Free as in freedom – Crusade for free software
By: Sam Williams
Ch. 1 - For want of a printer
This chapter is set as a historical novel of Richard Stallmans early days at MIT and explains the early days of hackers. At this time hackers where considered as people who manipulated programs to improve them and Stallman was one of them. The golden rule hackers as he explains it was to always help another out with programming in sharing the code they worked on. This was seen as a community of helping one another out.
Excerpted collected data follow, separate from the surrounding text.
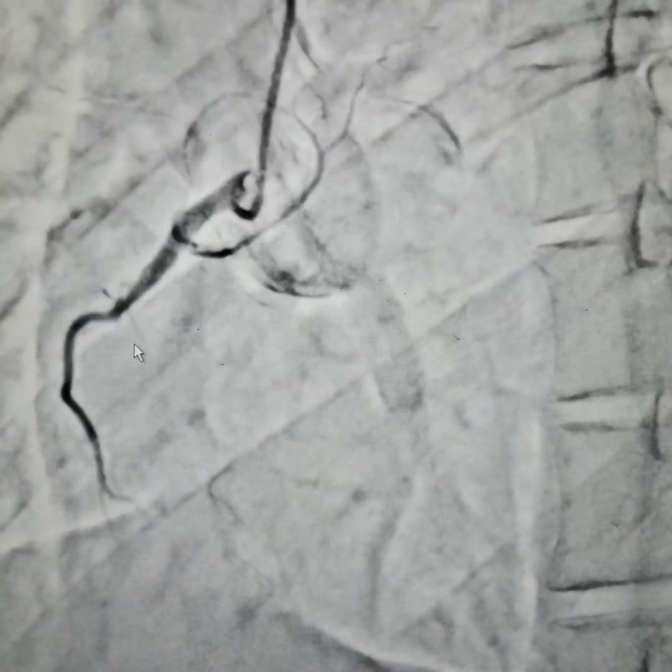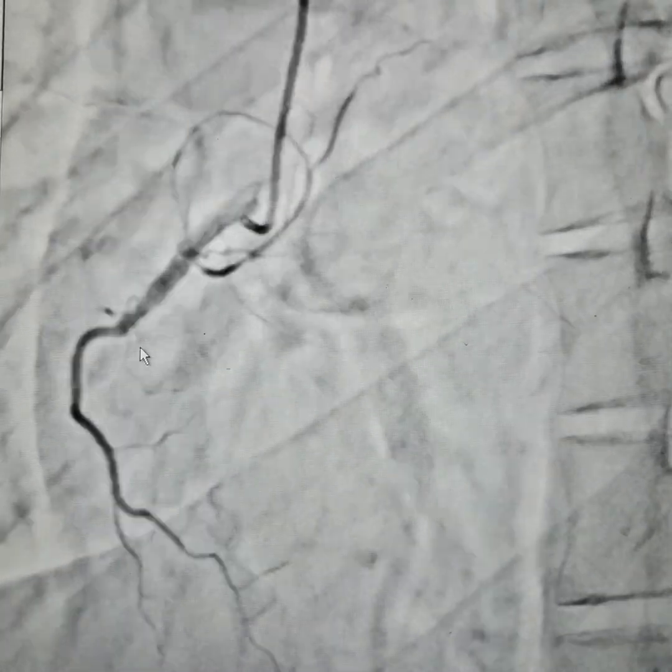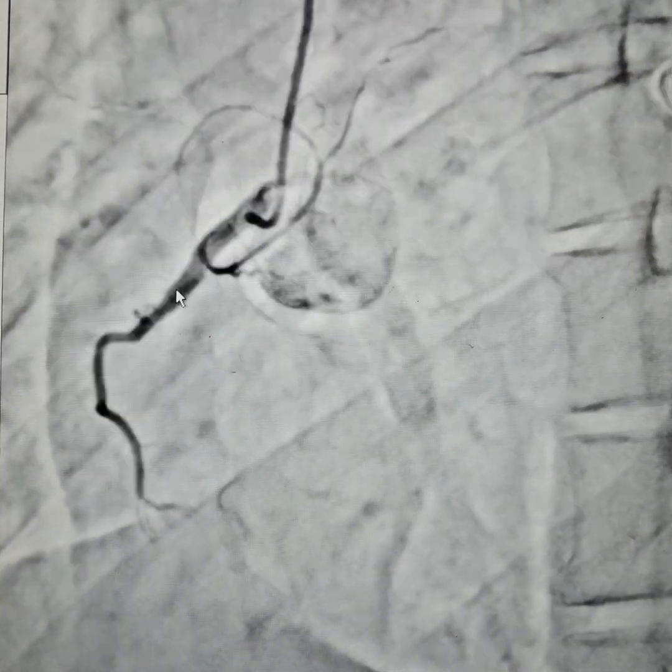The patient underwent angiography elsewhere and they showed a normal coronary artery, maybe 50% blockage here. We suspected because of the dominance of the LCX, the left system being non-dominant, so we suspected that the RCA would be dominant.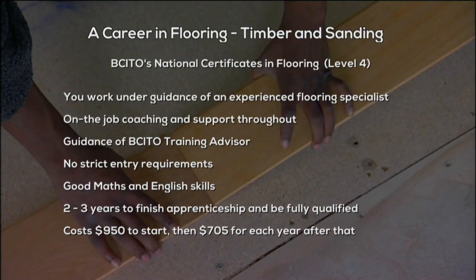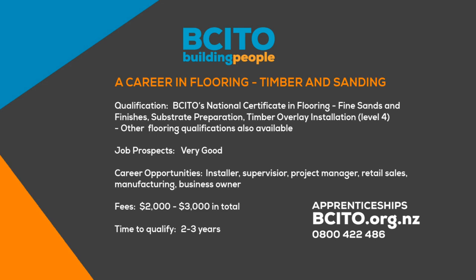If you'd like to become a qualified timber flooring or sanding specialist, depending on which strand you'd like to pursue, you'll need to complete one of BCITO's Level 4 national certificates in flooring, whilst in employment as part of a managed apprenticeship. You will work under the guidance of an experienced flooring specialist, who will provide you with on-the-job coaching and support throughout your apprenticeship. You will also have the guidance of a BCITO training advisor. There are no strict entry requirements to starting a flooring apprenticeship. It will help if you have good maths and English skills, as you will need to work out measurements, quantities and angles, and be able to understand instructions well. Building is not just a job, it's a professional career. It will take you around two to three years to finish your apprenticeship and get fully qualified. It costs from $950 to start, then $705 for each year of training after that. To start your career in flooring, contact the BCITO on 0800 422 486 or visit bcito.org.nz for more information.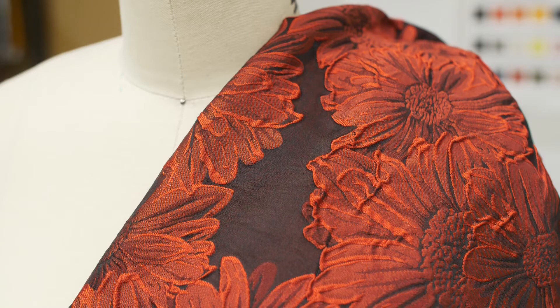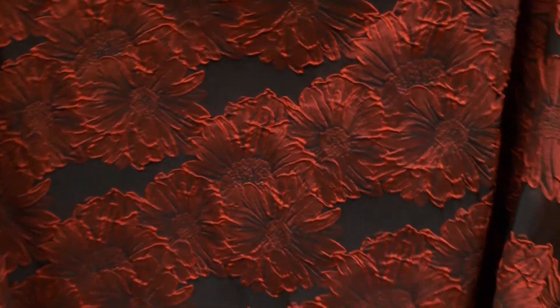It's completely opaque, has no stretch, and has a stiff drape, perfect for strapless dresses, high-low skirts, and tuxedo jackets.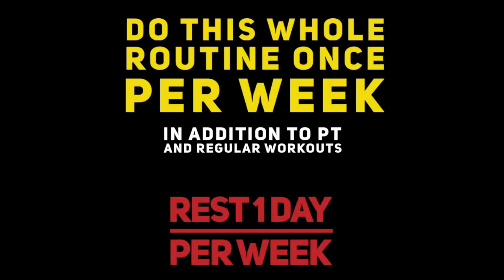Do this whole routine once a week, in addition to your regular PT and regular workouts. But make sure you rest.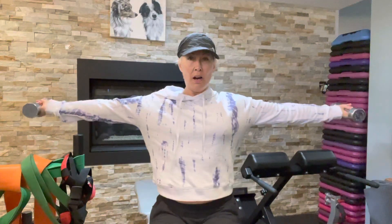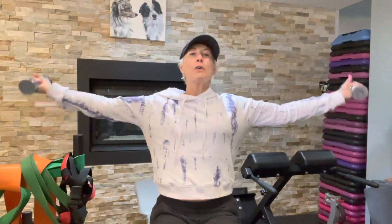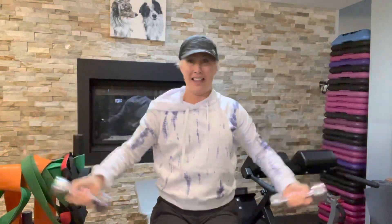Your arms are out to the side, palms up — you're going to curl up and squeeze and back. Squeeze and back. That's it.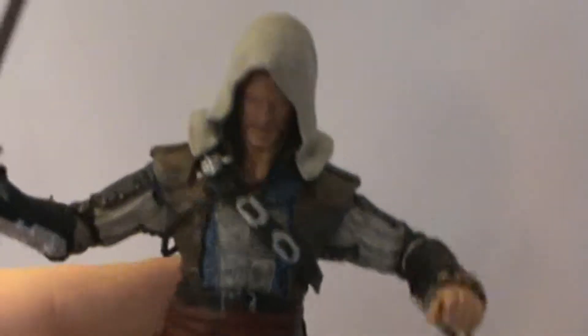You got the red sash that all the assassin characters seem to have, with the little thing flowing there. Got a few pouches, which is very cool. A bunch of little straps, got the blue there which just looks really nice. And then you got some generic pants and some generic boots, but it looks very good — it's a good representation of the character.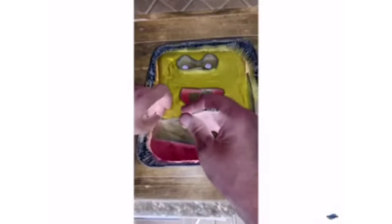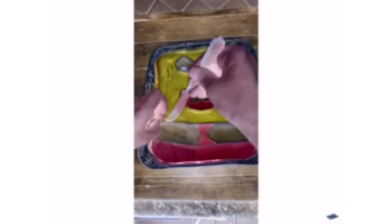So the next day after it's hardened up, now the hard part — we're going to try to take these things out carefully. This isn't happening easily, guys. Blend everything together.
The history continues on as Stallman encounters problems with the printer at work and sets of to find the code for it so that he could improve it. When he finally finds himself at the source of the code he needs at Xerox labs he is rejected it. At this point he starts to unravel the truth about how code is starting to gain value and that company’s are starting to harvest this knowledge and people for their private gain and locking it up. This can be seen as starting point of what nowadays is the economical software industry, and its counterpart the open source software which follow the ideology of the hackers.
Ch.2 – 2001: A hacker’s odyssey
The following up chapter takes place 20 years after the incidents at MIT and sums up what the open software community has accomplished until now (well until 2001). The chapter mainly focuses on a speech that Stallman had at the New York university computer-science department discussing the software industry. The main focus is on the GPL and how it works as insurance that software code is made into a communal ownership and copyrighted. This is meant to work as evolving copyright that follows the original source code in whatever it evolves into, thus reassuring that it could never fall into commercial lockup. Even if just a little bit of the source code is used it still falls under the same copyright protection.
I found these readings to be quite fun and interesting and gave me a better insight of the history of open source community. This book seems to be a very relaxed and skips out on the theoretical parts. Just read it if you want some historical facts and easy reading.